◆ WHAT TO PRODUCE
Below are lines of records; copy exactly those from the one containing "international handbook of" through the one containing "by Thon Sok", leaving the pictures behind.

◆ PROVIDED INFORMATION
**********
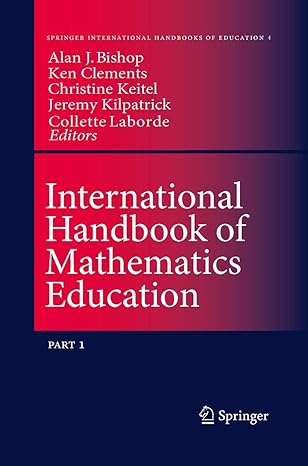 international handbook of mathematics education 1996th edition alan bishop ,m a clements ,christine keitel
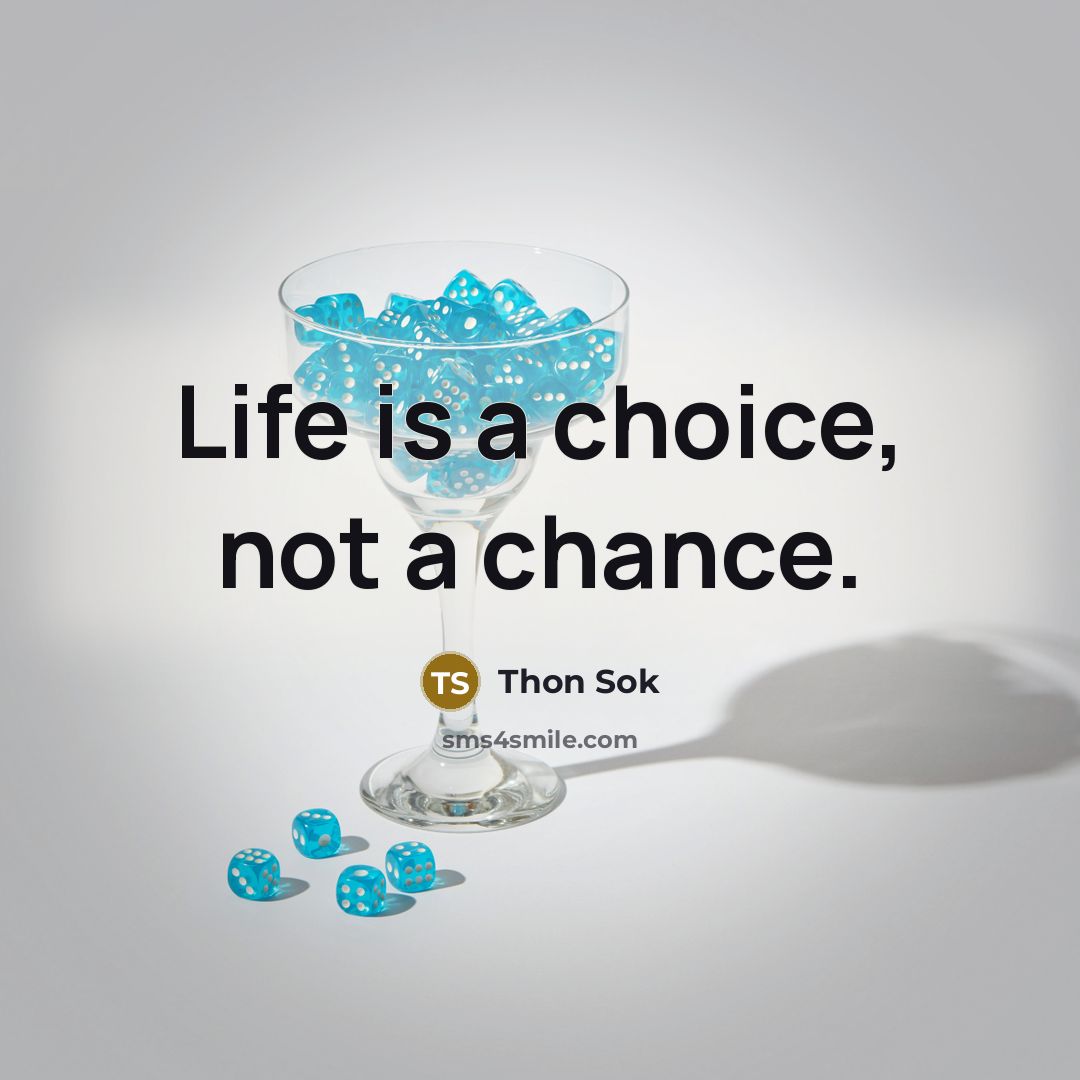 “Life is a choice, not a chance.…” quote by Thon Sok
**********
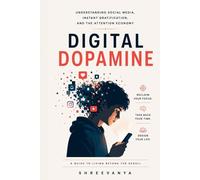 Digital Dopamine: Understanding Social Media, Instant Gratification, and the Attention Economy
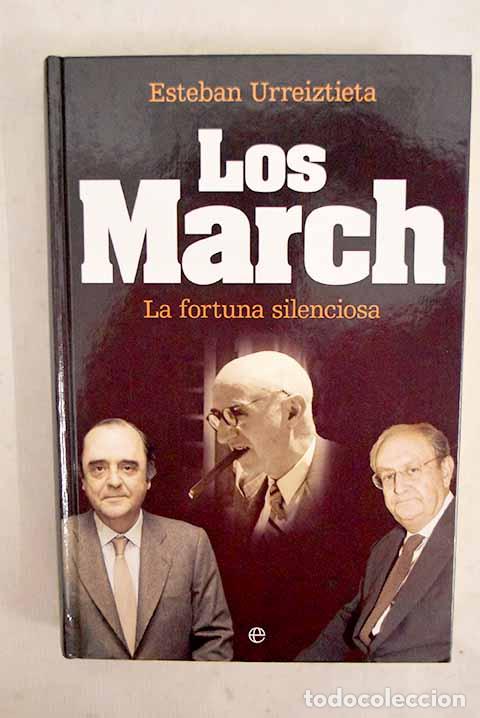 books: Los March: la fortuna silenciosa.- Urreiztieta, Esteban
**********
◆ OUTPUT BELOW
 international handbook of mathematics education 1996th edition alan bishop ,m a clements ,christine keitel
 “Life is a choice, not a chance.…” quote by Thon Sok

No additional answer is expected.